The patient had a history of moderate OCD, characterized by contamination-based obsessions, checking behaviors, and intrusive thoughts. The patient also had a CSBD diagnosis, primarily excessive pornography viewing and masturbation, which hampered his daily life. Initially treated with sertraline 100 mg, his doctor later increased the dosage to 150 mg. His OCD symptoms improved from moderate to mild/subclinical. But his CSBD symptoms persisted.
In July 2020, the patient started taking 50 mg of naltrexone daily, leading to a significant improvement in his CSBD symptoms. The patient reported a reduced compulsive desire and better control over his behaviors. Although he experienced fatigue and temporarily stopped naltrexone, the return of CSBD symptoms led him to resume the medication, which (again) improved his condition.
This case highlights that sertraline effectively treated OCD but not CSBD.

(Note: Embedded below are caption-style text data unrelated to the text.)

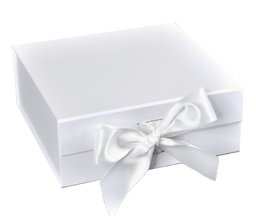 Matte White - Magnetic Ribbon Tie Gift Box - 10 x 10 x 4-1/2"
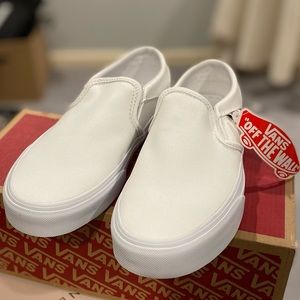 WHITE VANS SLIP ONS | NEW!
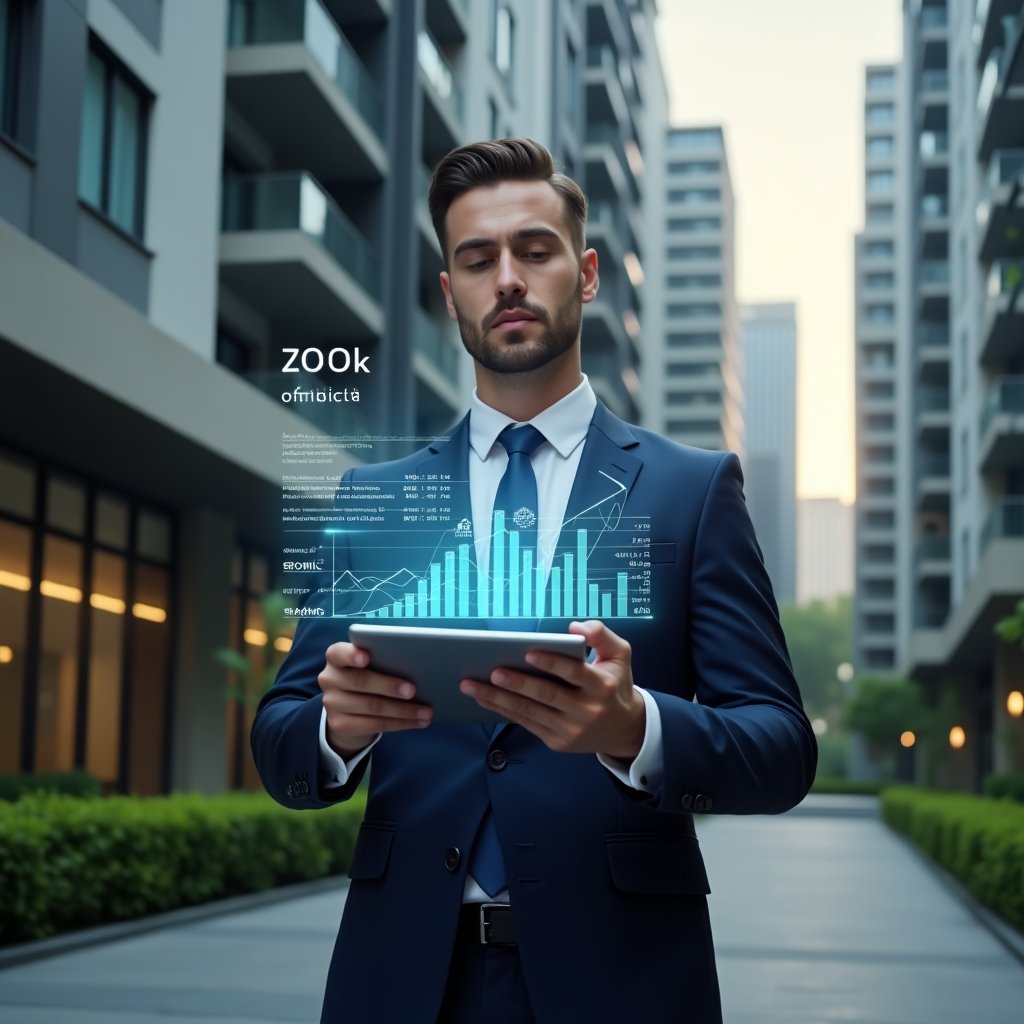 Ultra-realistic condominium manager in a tailored navy business suit, set in a modern luxury condominium environment with sleek high-rise buildings and manicured green landscaping, confidently reviewing digital expense reports on a tablet while holographic financial charts float above symbolizing cost optimization, cinematic lighting, shallow depth of field, highly detailed textures, realistic skin, photographic realism, 8k resolution --ar 1:1 --v 6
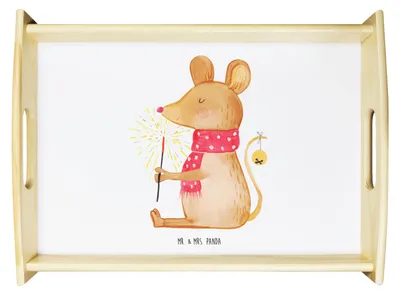 Produktbild von Mr. & Mrs. Panda tablett aus holz Maus Weihnachten - Weiß - Geschenk, Deko, Weihnachtsmotiv, Frühstückstablett, Frohe, Serviertablett, sofatablett, Weihnachtsgruß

Naltrexone, however, significantly improved CSBD symptoms without affecting his OCD. The patient’s discontinuation and resumption of naltrexone demonstrated the drug’s impact on CSBD, suggesting its potential in treating such disorders.
The case also raises considerations about classifying dysfunctional sexual behaviors, as the patient’s CSBD, unlike typical OCD compulsions, involved some pleasure, was distressing, and responded differently to treatments, aligning more with impulse control or possibly addictive disorders.

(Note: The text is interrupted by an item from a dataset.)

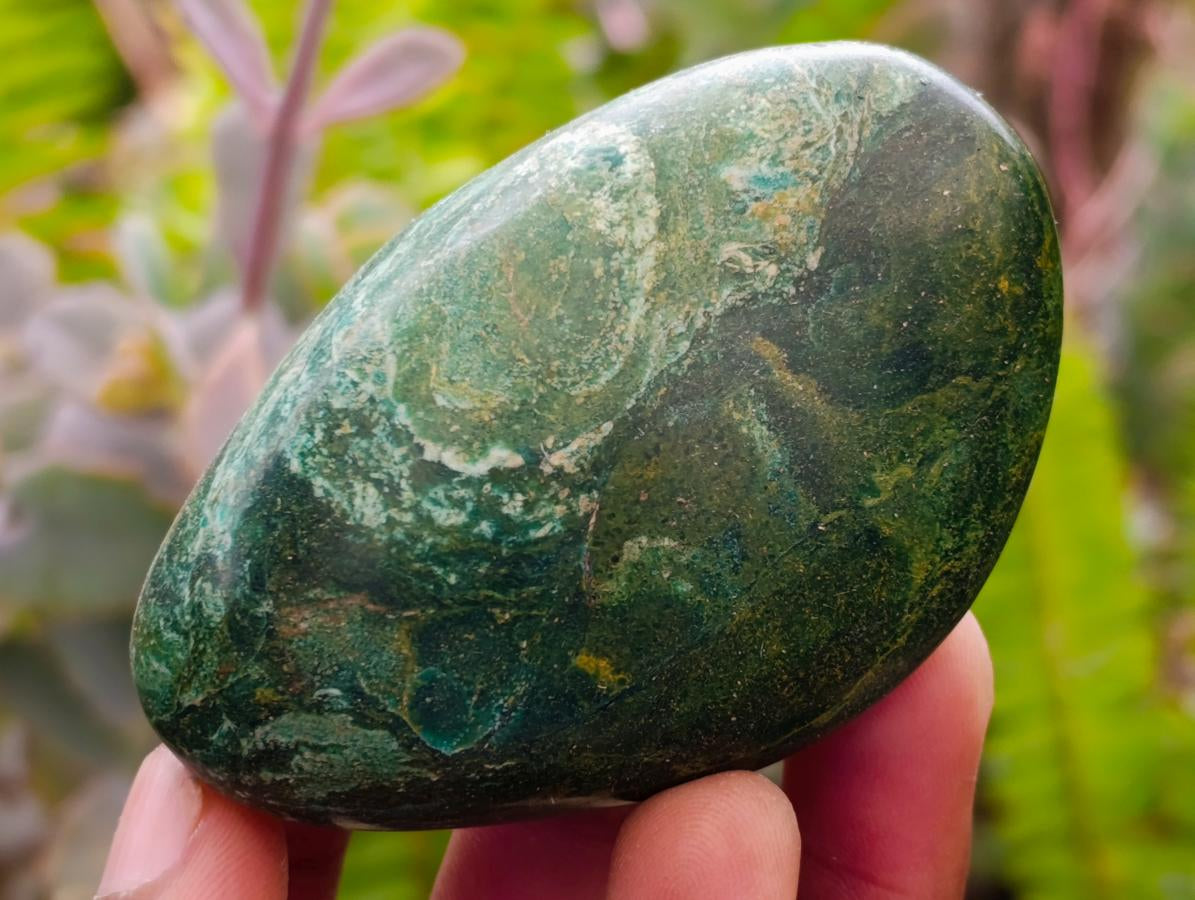 Polished Verdite Palm Stones x 12 From Zimbabwe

SSRI-Induced Sexual Dysfunction Remains a Challenge
SD persists as a common side effect of selective serotonin reuptake inhibitors (SSRIs).
In a letter to PCC, a reader discusses research that shows – among those taking SSRIs – women are more at risk. Overall it affects anywhere between a quarter to two-thirds of depression patients.
This typically manifests as anorgasmia and can vary widely based on the SSRI, with fluvoxamine and escitalopram causing fewer issues than paroxetine. Researchers attribute the dysfunction to enhanced serotonin neurotransmission in specific brain regions. Genetic factors such as 5-HT receptor polymorphisms could also play a role.
While SSRI-induced SD usually persists during medication use, it can occasionally continue after discontinuation, leading to post-SSRI sexual dysfunction (PSSD) and persistent genital arousal disorder (PGAD).
PSSD includes symptoms like genital anesthesia, weak orgasms, decreased sexual drive, erectile dysfunction in males, and reduced vaginal lubrication and nipple sensitivity in females. Potential mechanisms for PSSD involve epigenetic changes, persistent serotonin receptor downregulation, neurohormonal alterations, serotonin toxicity, and ion channel transduction abnormalities. Treatment options, although limited, include serotonergic antagonists, dopaminomimetics, and low-power laser therapy for penile anesthesia.
PGAD primarily affects women and is characterized by continuous sexual arousal without desire. It’s also marked by symptoms such as genital throbbing, contractions, and pain. Triggers can include physical stimulation and stress.
Potential causes range from mood disorders and pudendal neuropathy to SSRI withdrawal.
Potentially effective treatments include quetiapine and varenicline.
Finally, the reader insists that despite the lack of clear diagnostic criteria or treatment guidelines, clinicians should consider these syndromes when addressing psychotropic-related sexual dysfunctions.